Robin: What year was the Dave Barry Page-A-Day from?
B.J.: Dave Barry was a huge influence on me as a kid. I read everything he wrote and I just couldn’t believe anything could be that funny. I also remember his writing voice as being classy and warm and joyful, and for those reasons I always thought Michael would be an unabashed fan.
It made sense to me that Michael would not only have a Dave Barry Joke-A-Day calendar, but also assume that they were so common that it wouldn’t be a distracting choice to convey the passage of time in an action movie.
I believe the props department got a current or recent calendar that luckily didn’t have the year on it, or any topical material.
GKCfan: Could you please explain what specific special effects were used for the “shooting Toby’s head” shot?
B.J.: Paul Lieberstein spent hours of time when he could have been producing the show in a full-face plaster mold that unnerved him greatly, all so that a realistic replica of his face could be made.
We made two Toby heads and put them on dummies dressed like Toby. We then rigged each head with mild explosives and filled one with some fake blood, and set up slow-motion cameras from three different angles to film the explosion.
In the end, the shots with the blood were too disturbing for us and arguably too disturbing for Michael. We knew that whatever lengths we were going to in order to make the Toby head explosion realistic, Michael would have gone to more.
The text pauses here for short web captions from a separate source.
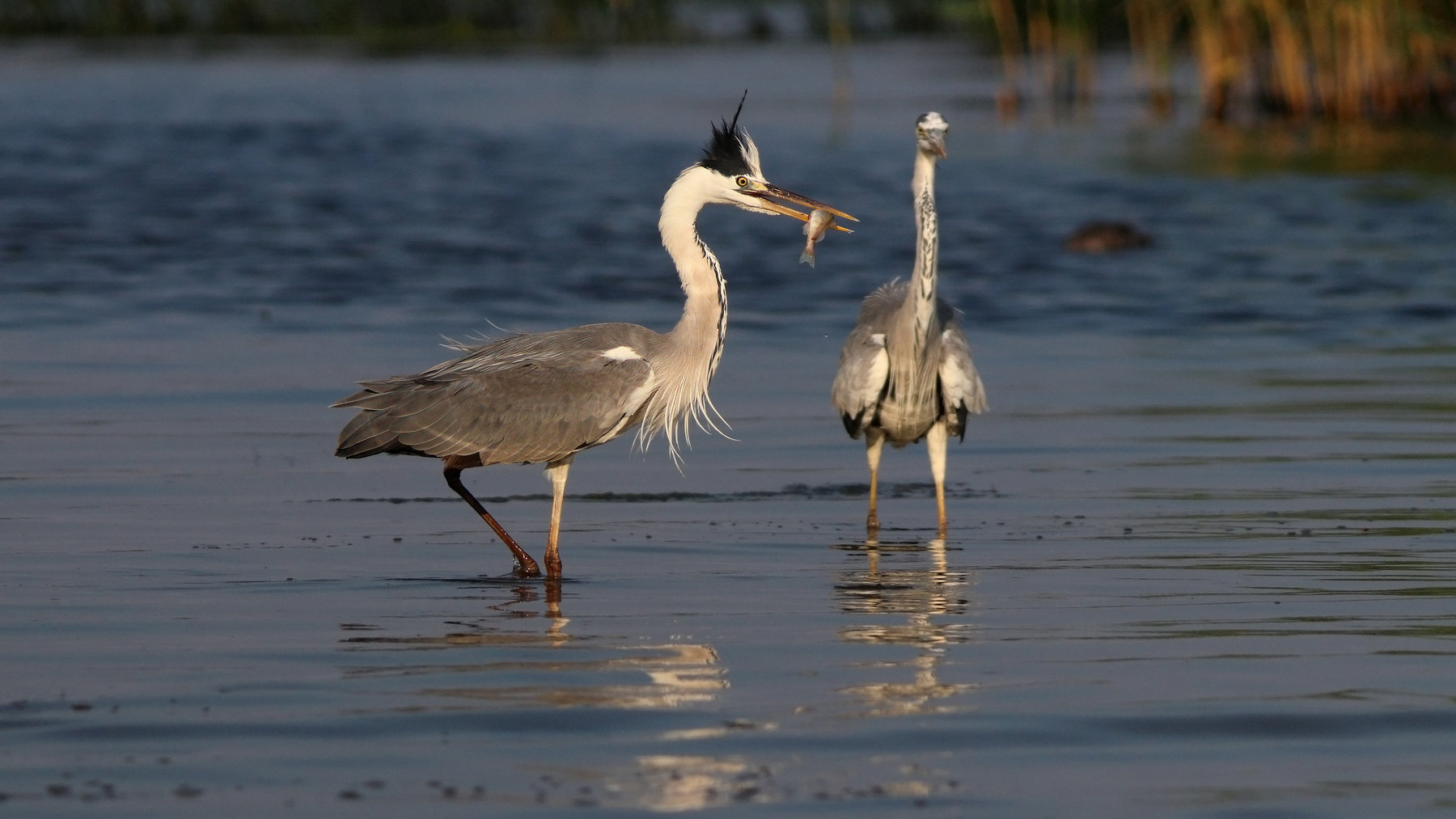 Вот так удача! серая цапля ardea cinerea grey heron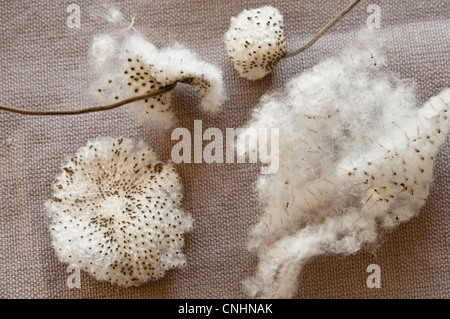 Flauschige Samenköpfe der japanische Anemone (Honorine Jobert) - Nahaufnahme. Stockfoto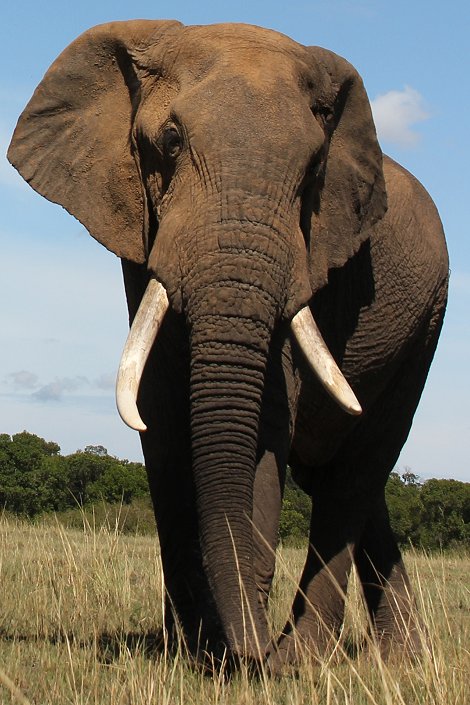 Elefanten Bulle, Mara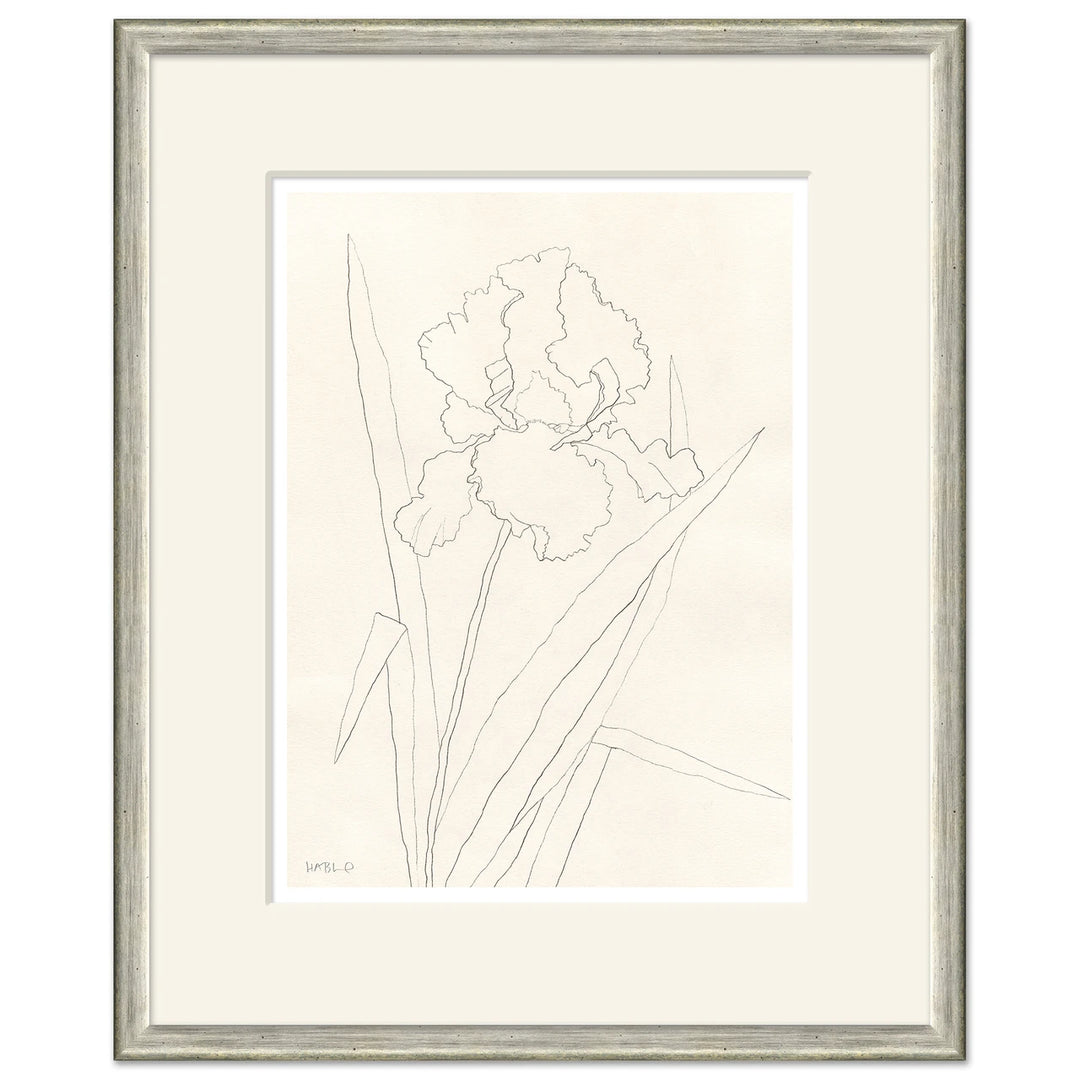 Bearded Iris by Soicher Marin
what’s the dealio?: There were so many tiny but very significant choices you got to make in this episode. Like, how would Michael view a typical bartender? What cheesy movies did you (well, Michael) use for inspiration in the masterpiece, Threat Level Midnight?
B.J.: My favorite thing about writing the episode was creating a movie from Michael’s perspective. There are some elements of conscious and unconscious wish fulfillment (Toby’s head exploding, having lots of friends at the bar) and some examples of Michael’s innocence that he wouldn’t notice.
For example, in the hospital scene, after Michael is shot by Goldenface, Michael moans “more Tylenol” and the nurse responds “you’ve already had four.” To Michael, Tylenol is a pretty strong drug.
I think it was Michael’s choice to make Billy the Bartender an antiquated working-class stereotype, since he’d be more familiar with bars from movies than in real life; but it was Andy’s choice to really play that to the hilt, since he is even more unfamiliar with actual working-class bartenders than Michael is, and probably romanticizes them even more. Plus, we’ve seen Andy do regional theater, and this character is played as something of a stock type.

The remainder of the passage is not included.